===== Supplied records =====

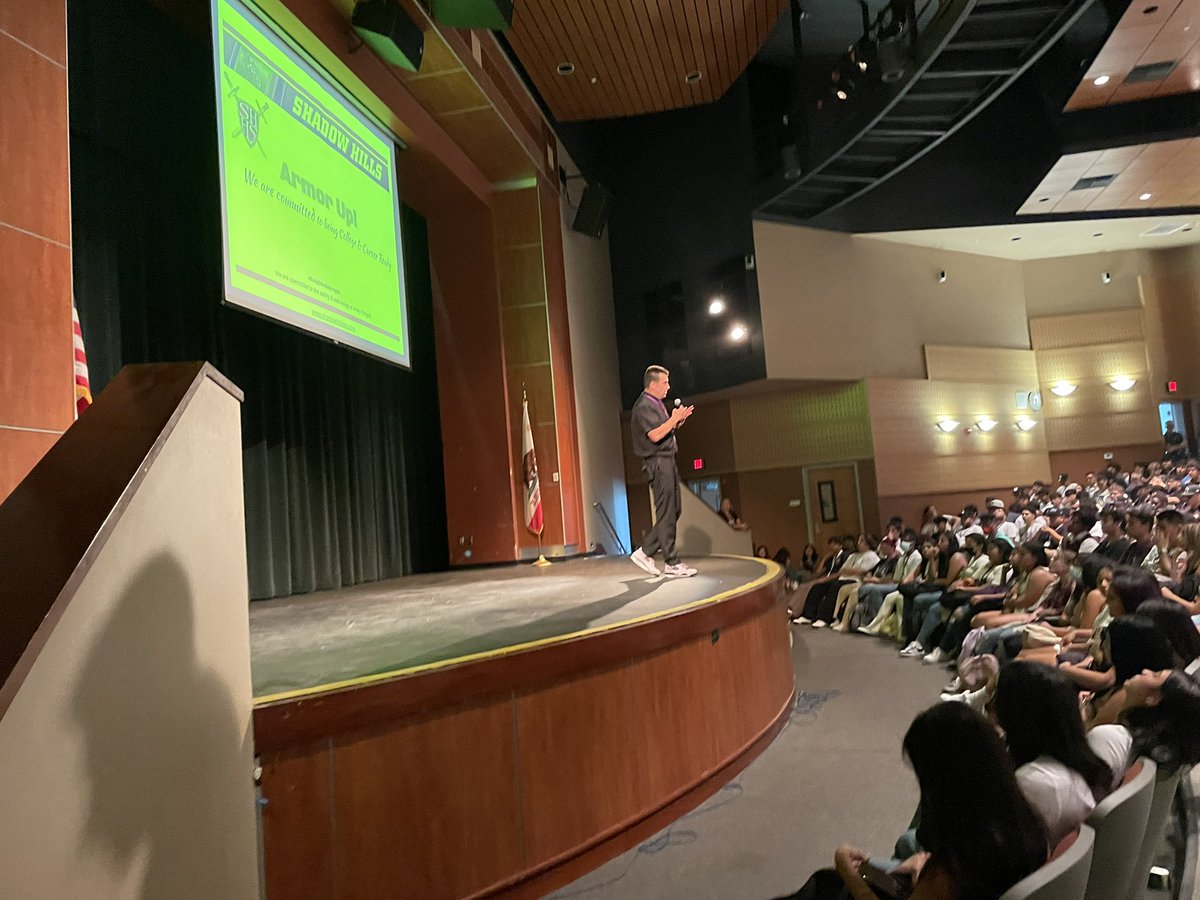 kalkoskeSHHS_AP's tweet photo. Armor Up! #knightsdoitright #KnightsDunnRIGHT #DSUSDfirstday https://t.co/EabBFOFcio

=====
===== Supplied records =====

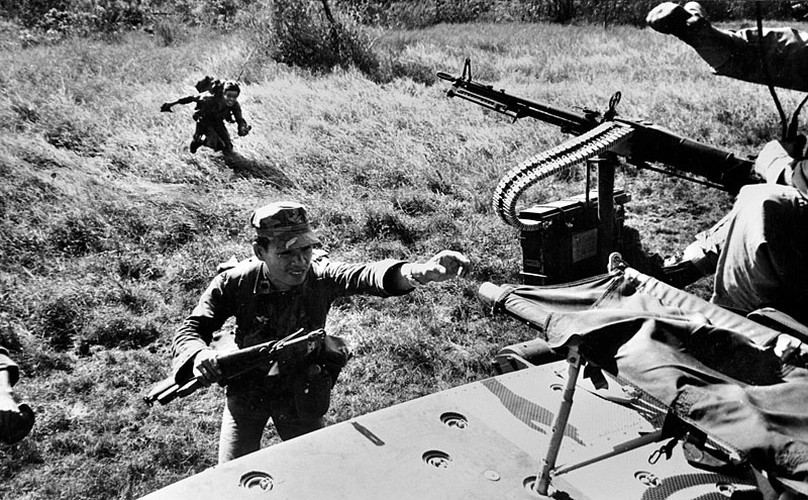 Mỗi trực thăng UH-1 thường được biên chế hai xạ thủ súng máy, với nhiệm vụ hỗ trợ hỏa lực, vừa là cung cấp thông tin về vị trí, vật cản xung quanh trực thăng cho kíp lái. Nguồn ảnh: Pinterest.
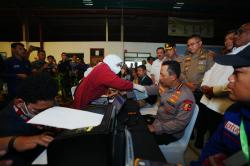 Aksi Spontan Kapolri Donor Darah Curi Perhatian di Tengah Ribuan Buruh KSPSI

=====
===== Supplied records =====

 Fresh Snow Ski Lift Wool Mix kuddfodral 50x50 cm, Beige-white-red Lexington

=====

Task objective: Above are some entries. Restate word for word the lines from the one holding "Mỗi trực thăng" through the one holding "Aksi Spontan Kapolri", but not the pictures.

Solution to the exercise:
 Mỗi trực thăng UH-1 thường được biên chế hai xạ thủ súng máy, với nhiệm vụ hỗ trợ hỏa lực, vừa là cung cấp thông tin về vị trí, vật cản xung quanh trực thăng cho kíp lái. Nguồn ảnh: Pinterest.
 Aksi Spontan Kapolri Donor Darah Curi Perhatian di Tengah Ribuan Buruh KSPSI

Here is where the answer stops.